Besides the revenue stream from electricity and minimizing odors, other benefits cited by the Kluthes include keeping methane out of the atmosphere and producing a nutrient-rich fertilizer. “Theoretically, the manure is in the digester for 21 days,” says Kluthe. “From there it goes down to a lagoon where it’s stored until it’s pumped out into the fields in liquid form.”
In the future, he predicts, there will not be a hog unit built or a dairy put in that doesn’t install a digester. “We’re on the forefront of something big. I think this is the future. Every day we feed the digester and the hogs replace that feedstock. It’s environmentally friendly, it takes care of the neighbors, and it produces energy – all of the aspects that you would want.”

PAGEL’S PONDEROSA

Pagel’s Ponderosa is a 4,600-head dairy operation in Kewaunee, Wisconsin. The herd produces 120,000 gallons/day of manure, which is scrape collected from various barns and fed to a central location next to one of two GHD, Inc. digesters via a gravity flow system. From there the manure gets pumped into the digester.

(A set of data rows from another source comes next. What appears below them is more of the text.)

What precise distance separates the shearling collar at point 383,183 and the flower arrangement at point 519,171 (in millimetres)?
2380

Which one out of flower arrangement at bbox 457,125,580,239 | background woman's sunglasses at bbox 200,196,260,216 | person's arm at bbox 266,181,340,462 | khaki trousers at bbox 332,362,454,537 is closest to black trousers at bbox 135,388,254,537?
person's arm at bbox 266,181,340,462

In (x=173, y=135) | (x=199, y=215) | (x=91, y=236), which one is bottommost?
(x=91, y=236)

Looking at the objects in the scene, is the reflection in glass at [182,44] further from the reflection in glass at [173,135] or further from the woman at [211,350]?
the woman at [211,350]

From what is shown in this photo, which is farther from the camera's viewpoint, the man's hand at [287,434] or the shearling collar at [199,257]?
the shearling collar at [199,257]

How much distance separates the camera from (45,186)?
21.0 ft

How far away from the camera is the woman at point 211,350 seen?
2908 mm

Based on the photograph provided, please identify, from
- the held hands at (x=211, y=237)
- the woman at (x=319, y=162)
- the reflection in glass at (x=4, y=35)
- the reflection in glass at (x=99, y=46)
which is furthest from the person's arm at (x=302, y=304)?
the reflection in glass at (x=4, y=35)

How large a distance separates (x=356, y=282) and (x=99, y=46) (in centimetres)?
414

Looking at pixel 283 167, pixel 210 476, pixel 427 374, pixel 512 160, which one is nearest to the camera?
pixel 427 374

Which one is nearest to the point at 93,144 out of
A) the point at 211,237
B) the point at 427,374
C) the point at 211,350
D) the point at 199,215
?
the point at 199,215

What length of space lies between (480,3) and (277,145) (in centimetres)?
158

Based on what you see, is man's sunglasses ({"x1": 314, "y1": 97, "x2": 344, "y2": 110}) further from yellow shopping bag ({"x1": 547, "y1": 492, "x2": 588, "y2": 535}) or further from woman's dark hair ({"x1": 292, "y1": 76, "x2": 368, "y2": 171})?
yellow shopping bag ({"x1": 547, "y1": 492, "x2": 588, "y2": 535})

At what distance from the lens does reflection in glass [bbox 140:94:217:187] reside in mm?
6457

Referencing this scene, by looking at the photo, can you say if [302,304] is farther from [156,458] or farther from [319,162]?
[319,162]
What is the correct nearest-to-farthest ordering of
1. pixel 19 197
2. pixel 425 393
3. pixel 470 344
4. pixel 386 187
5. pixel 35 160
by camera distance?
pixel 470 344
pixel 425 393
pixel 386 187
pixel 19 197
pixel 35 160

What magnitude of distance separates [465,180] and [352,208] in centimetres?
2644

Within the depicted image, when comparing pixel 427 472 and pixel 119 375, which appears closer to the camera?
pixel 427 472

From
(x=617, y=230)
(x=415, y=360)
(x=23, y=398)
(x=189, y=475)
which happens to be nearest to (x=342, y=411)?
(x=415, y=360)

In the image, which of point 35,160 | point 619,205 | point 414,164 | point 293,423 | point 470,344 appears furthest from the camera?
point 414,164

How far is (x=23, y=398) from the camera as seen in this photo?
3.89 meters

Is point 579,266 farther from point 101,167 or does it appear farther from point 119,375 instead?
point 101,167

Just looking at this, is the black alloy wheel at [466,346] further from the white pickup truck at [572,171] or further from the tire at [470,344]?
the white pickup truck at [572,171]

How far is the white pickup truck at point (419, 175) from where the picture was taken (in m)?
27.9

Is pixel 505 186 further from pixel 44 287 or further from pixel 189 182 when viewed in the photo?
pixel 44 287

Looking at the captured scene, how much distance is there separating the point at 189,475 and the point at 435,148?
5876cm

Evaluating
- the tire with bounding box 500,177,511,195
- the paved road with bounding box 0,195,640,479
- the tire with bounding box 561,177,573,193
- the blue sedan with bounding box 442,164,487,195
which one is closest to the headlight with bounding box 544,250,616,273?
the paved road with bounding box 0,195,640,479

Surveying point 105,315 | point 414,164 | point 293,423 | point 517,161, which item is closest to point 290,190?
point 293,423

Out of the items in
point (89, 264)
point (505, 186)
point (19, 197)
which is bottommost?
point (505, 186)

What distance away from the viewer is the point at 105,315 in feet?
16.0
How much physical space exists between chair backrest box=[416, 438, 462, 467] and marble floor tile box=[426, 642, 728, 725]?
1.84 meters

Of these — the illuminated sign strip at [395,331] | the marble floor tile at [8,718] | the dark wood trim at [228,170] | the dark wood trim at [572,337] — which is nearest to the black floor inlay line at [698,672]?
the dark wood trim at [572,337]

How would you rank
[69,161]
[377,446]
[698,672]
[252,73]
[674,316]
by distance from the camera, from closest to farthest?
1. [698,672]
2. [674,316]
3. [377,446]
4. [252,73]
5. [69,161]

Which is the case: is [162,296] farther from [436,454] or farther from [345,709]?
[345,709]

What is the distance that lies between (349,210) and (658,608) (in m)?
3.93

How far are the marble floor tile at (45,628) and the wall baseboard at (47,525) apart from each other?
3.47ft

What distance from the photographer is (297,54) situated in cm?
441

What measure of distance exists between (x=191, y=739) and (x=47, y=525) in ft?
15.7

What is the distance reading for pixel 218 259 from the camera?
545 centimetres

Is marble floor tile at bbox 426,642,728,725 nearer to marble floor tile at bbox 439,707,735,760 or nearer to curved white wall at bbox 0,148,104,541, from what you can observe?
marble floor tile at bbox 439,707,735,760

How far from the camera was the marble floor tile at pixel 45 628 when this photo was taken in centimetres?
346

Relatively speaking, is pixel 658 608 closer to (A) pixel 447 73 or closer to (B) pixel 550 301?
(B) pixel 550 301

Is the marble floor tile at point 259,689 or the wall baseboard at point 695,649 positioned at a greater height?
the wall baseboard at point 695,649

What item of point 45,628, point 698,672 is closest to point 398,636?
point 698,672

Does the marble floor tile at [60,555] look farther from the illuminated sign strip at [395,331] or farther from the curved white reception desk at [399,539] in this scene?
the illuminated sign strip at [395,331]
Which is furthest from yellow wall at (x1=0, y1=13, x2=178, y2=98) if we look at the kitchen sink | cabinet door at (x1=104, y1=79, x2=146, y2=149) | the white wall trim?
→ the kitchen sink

The twin digesters have been operational since December 2008. “The main reasons we installed them were to have a constant source of bedding for our animals and for odor reduction,” says John Pagel. “I live on a farm where we have the digesters. Before, we had 1,500 cows and now we have 4,600. There’s a lot less odor now than there was then.”
According to a profile of Pagel’s Ponderosa Dairy in the Wisconsin Agricultural Casebook (available at www.focusonenergy.com), the solids content of the manure going into the digesters is about 7.5 percent. Biogas is treated with a condensate trap and chiller and run through a hydrogen sulfide reduction system. The scrubbed biogas powers an 800 kW Caterpillar engine generator set up to produce electricity and heat. Recovered engine heat is used to heat the digester and another building and will be used to heat a new facility and office space. A backup 4 mmBtu biogas boiler is also available for excess digester heat and will be attached to a radiant heating system beneath the floors of the new facility.

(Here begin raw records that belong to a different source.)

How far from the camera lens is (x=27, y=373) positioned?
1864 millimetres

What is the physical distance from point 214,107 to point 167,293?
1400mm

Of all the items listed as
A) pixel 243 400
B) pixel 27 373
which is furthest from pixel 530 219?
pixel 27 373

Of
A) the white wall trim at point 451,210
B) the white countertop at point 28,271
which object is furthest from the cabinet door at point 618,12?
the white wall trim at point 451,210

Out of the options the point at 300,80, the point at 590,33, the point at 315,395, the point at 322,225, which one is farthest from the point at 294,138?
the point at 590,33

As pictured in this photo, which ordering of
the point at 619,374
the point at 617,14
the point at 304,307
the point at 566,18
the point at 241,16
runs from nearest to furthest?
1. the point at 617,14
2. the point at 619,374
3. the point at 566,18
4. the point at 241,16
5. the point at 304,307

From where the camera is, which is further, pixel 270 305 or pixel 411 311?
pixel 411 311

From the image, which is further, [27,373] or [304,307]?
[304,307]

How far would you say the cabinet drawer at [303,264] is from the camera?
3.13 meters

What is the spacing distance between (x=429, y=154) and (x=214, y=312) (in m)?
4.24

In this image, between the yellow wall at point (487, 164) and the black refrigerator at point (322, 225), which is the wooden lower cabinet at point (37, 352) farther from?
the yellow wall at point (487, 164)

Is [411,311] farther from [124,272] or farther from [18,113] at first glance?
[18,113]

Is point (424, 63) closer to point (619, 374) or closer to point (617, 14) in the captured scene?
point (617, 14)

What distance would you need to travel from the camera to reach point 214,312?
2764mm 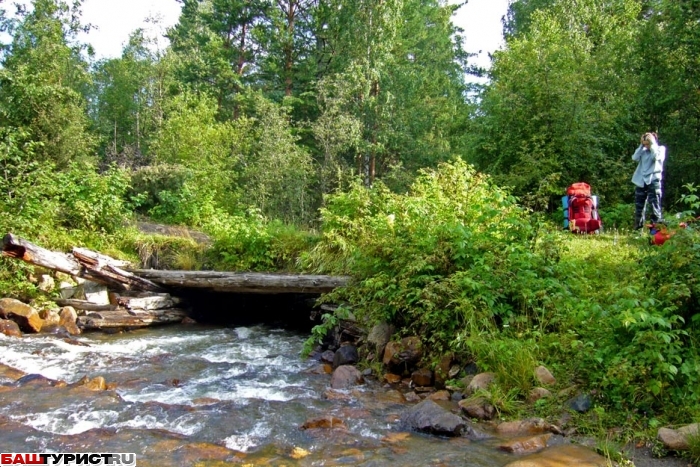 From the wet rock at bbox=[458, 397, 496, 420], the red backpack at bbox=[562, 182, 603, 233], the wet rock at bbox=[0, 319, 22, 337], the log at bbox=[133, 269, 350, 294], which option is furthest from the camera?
the red backpack at bbox=[562, 182, 603, 233]

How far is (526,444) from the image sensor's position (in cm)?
444

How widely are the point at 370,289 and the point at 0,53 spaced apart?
2864 centimetres

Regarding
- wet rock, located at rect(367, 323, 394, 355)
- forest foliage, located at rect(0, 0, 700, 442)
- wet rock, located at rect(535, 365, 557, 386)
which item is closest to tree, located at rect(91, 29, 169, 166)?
forest foliage, located at rect(0, 0, 700, 442)

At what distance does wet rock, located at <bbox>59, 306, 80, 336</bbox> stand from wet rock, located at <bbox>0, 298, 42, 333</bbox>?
40 centimetres

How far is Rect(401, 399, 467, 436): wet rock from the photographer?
4.78 m

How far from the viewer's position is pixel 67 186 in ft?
41.5

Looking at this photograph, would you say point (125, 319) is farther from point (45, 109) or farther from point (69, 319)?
point (45, 109)

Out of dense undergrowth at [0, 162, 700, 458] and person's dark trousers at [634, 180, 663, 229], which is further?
person's dark trousers at [634, 180, 663, 229]

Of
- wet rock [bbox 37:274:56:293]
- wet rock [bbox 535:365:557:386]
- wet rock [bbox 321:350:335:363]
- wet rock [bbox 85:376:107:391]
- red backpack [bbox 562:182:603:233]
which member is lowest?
wet rock [bbox 321:350:335:363]

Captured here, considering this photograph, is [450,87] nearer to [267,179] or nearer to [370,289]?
[267,179]

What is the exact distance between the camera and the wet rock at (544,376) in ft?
17.3

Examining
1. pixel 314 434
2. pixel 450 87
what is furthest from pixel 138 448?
pixel 450 87

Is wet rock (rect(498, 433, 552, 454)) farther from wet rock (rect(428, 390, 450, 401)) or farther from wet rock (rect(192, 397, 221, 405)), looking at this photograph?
wet rock (rect(192, 397, 221, 405))

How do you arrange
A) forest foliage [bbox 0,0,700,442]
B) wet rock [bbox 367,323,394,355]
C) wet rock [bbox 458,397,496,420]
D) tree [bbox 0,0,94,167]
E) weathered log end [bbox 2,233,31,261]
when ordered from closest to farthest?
wet rock [bbox 458,397,496,420] → forest foliage [bbox 0,0,700,442] → wet rock [bbox 367,323,394,355] → weathered log end [bbox 2,233,31,261] → tree [bbox 0,0,94,167] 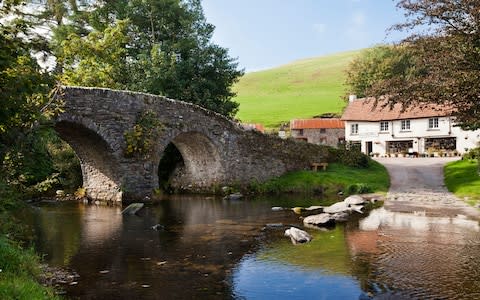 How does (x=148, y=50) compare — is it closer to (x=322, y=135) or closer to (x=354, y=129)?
(x=354, y=129)

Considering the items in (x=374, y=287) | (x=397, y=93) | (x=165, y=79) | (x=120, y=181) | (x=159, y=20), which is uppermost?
(x=159, y=20)

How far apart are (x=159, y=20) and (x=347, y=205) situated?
2253 cm

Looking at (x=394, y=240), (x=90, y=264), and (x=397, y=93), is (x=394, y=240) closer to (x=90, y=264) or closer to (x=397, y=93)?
(x=90, y=264)

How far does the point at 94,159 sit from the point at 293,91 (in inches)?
3276

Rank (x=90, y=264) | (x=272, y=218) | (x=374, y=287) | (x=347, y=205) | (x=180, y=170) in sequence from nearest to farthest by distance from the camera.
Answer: (x=374, y=287)
(x=90, y=264)
(x=272, y=218)
(x=347, y=205)
(x=180, y=170)

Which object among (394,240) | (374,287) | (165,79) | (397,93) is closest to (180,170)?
(165,79)

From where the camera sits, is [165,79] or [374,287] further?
[165,79]

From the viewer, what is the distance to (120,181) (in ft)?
78.3

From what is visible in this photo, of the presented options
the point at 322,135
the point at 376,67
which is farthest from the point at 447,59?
the point at 376,67

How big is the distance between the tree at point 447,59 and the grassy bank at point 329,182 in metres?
6.31

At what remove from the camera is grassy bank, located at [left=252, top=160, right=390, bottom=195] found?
91.0 feet

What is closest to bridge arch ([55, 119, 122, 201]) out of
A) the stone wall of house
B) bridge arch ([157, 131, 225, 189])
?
bridge arch ([157, 131, 225, 189])

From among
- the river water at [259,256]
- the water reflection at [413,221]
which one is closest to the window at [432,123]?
the water reflection at [413,221]

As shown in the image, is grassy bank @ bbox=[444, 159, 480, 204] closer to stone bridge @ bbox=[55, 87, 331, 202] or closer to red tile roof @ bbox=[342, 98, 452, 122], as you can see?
stone bridge @ bbox=[55, 87, 331, 202] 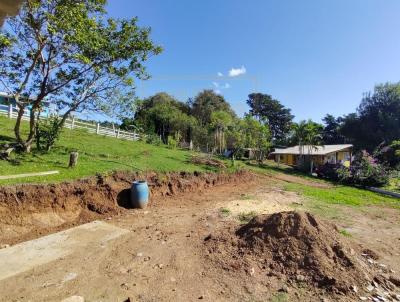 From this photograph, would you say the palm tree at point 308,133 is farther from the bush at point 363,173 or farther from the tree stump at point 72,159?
the tree stump at point 72,159

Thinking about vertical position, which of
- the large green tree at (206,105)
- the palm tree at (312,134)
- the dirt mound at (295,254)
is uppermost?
the large green tree at (206,105)

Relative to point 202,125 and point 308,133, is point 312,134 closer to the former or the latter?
point 308,133

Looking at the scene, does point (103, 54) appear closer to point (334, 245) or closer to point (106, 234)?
point (106, 234)

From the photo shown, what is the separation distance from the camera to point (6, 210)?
6.90m

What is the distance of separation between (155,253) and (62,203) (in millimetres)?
3806

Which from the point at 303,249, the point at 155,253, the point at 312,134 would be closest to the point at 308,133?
the point at 312,134

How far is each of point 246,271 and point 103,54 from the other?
9.45m

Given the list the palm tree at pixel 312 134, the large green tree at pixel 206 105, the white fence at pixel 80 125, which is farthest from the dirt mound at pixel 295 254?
the large green tree at pixel 206 105

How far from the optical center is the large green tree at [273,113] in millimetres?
59250

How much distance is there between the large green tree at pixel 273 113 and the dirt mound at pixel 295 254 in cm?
5462

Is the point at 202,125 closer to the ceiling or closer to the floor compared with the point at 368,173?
closer to the ceiling

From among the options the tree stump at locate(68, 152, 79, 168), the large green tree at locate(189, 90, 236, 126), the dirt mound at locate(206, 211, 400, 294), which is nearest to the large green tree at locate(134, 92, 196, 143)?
the large green tree at locate(189, 90, 236, 126)

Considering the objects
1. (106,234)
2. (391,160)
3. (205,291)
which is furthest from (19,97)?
(391,160)

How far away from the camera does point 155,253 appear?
5793 mm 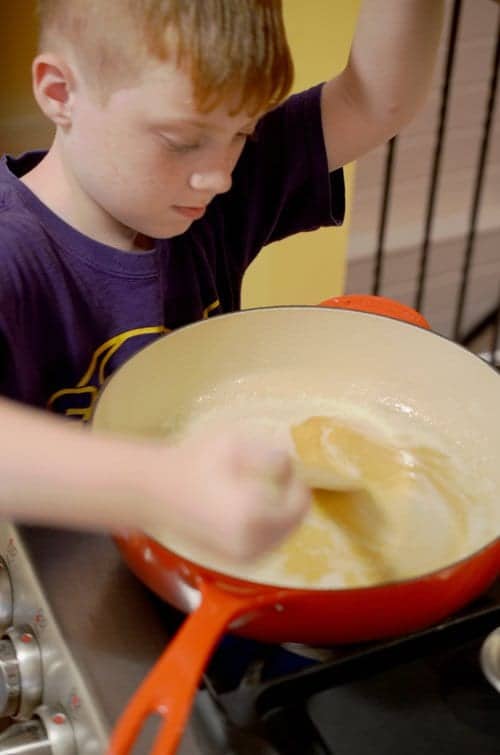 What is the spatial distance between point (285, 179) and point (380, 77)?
0.14m

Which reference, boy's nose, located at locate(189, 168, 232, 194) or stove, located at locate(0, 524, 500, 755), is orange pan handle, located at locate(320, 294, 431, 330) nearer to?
boy's nose, located at locate(189, 168, 232, 194)

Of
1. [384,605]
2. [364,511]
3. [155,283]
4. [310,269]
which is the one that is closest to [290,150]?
[155,283]

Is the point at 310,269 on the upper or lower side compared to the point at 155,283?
lower

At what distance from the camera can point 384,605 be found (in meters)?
0.46

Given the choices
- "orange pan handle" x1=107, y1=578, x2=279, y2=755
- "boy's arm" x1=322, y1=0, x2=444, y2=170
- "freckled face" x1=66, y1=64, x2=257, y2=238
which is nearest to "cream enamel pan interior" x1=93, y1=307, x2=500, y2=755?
"orange pan handle" x1=107, y1=578, x2=279, y2=755

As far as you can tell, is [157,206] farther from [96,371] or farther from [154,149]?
[96,371]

On-farm digesters are a good investment as long as producers receive a fair price for their power, says Pagel. “It’s great for neighborhood relations, but it still has to pay for itself.” Like hog farmer Danny Kluthe, Pagel is under a “buy-all, sell-all” contract with his local utility, but he counts himself fortunate that the company he deals with, Wisconsin Public Service, pays him a premium for the renewable energy produced. “I get a fraction more for the power I make than for what I use,” Pagel says. “We generate about 15 percent more power than we use in the summer and about 40 percent in the winter.”

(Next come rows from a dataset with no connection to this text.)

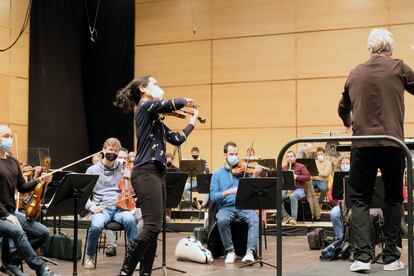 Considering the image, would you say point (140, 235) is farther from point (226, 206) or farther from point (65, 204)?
point (226, 206)

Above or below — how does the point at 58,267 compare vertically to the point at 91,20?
below

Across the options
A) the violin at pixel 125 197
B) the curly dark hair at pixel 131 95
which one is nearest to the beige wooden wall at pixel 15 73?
the violin at pixel 125 197

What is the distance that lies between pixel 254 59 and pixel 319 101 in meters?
1.75

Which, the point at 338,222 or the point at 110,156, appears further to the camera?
the point at 338,222

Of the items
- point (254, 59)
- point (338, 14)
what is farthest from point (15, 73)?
point (338, 14)

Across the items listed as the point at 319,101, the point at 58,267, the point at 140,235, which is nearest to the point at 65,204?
the point at 58,267

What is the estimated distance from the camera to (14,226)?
5480 mm

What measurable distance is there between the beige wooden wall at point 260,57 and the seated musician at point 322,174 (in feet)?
5.05

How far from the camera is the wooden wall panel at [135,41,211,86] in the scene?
14.6 metres

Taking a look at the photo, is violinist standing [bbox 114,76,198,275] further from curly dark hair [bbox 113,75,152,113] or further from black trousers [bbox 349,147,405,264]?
black trousers [bbox 349,147,405,264]

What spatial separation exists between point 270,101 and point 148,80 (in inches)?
353

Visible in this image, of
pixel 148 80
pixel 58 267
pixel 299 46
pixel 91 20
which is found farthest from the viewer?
pixel 91 20

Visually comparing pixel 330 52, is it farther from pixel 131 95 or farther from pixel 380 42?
pixel 380 42

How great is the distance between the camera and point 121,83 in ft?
50.4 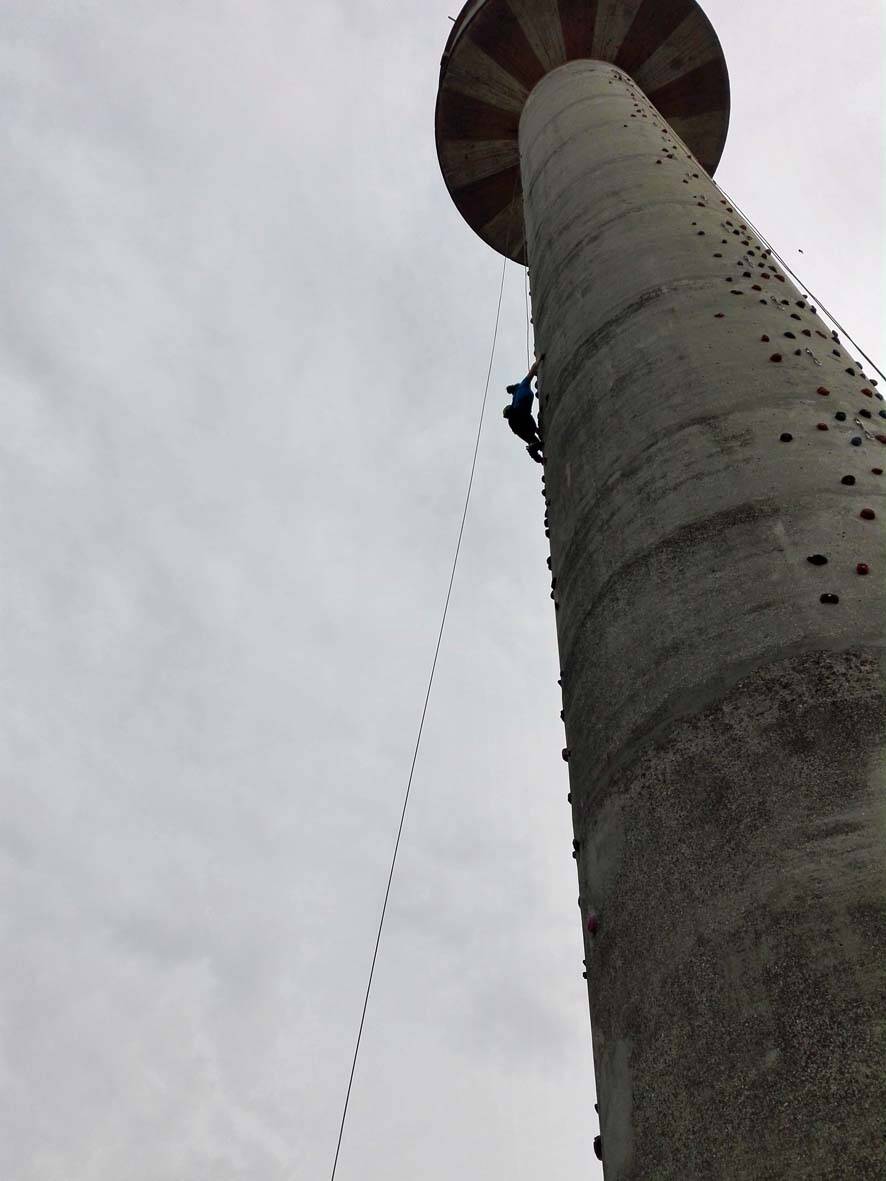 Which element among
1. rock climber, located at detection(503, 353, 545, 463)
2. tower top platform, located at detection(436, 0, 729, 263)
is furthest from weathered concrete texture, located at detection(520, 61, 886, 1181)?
tower top platform, located at detection(436, 0, 729, 263)

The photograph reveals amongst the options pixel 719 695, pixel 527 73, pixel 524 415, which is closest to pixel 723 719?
pixel 719 695

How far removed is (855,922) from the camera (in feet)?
10.6

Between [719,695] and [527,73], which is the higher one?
[527,73]

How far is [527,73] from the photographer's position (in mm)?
17203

Pagel’s Ponderosa produces about 56 tons/day of separated digested solids and sells about 27 tons a week to other farmers ($15 a ton FOB, $20 delivered). “We switched to bedding on digested solids for a year before we had a digester [at Pagel’s Ponderosa],” he adds. “We were buying it from other anaerobic digesters to try it out and see if we liked it as a bedding source.” The digested liquids are applied to the fields as a fertilizer source.
Pagel and a his partner Don Niles jointly operate another farm, Dairy Dreams, LLC in Lincoln, Wisconsin, where they recently installed a digester. Cows are still bedded on sand at Dairy Dreams, where the farm already had a lane separating sand, enabling it to be recycled and reused. “We wanted to see if this system would work with the digester,” he says. “If not, we can switch over to digested solids. We just started the digester two weeks ago.”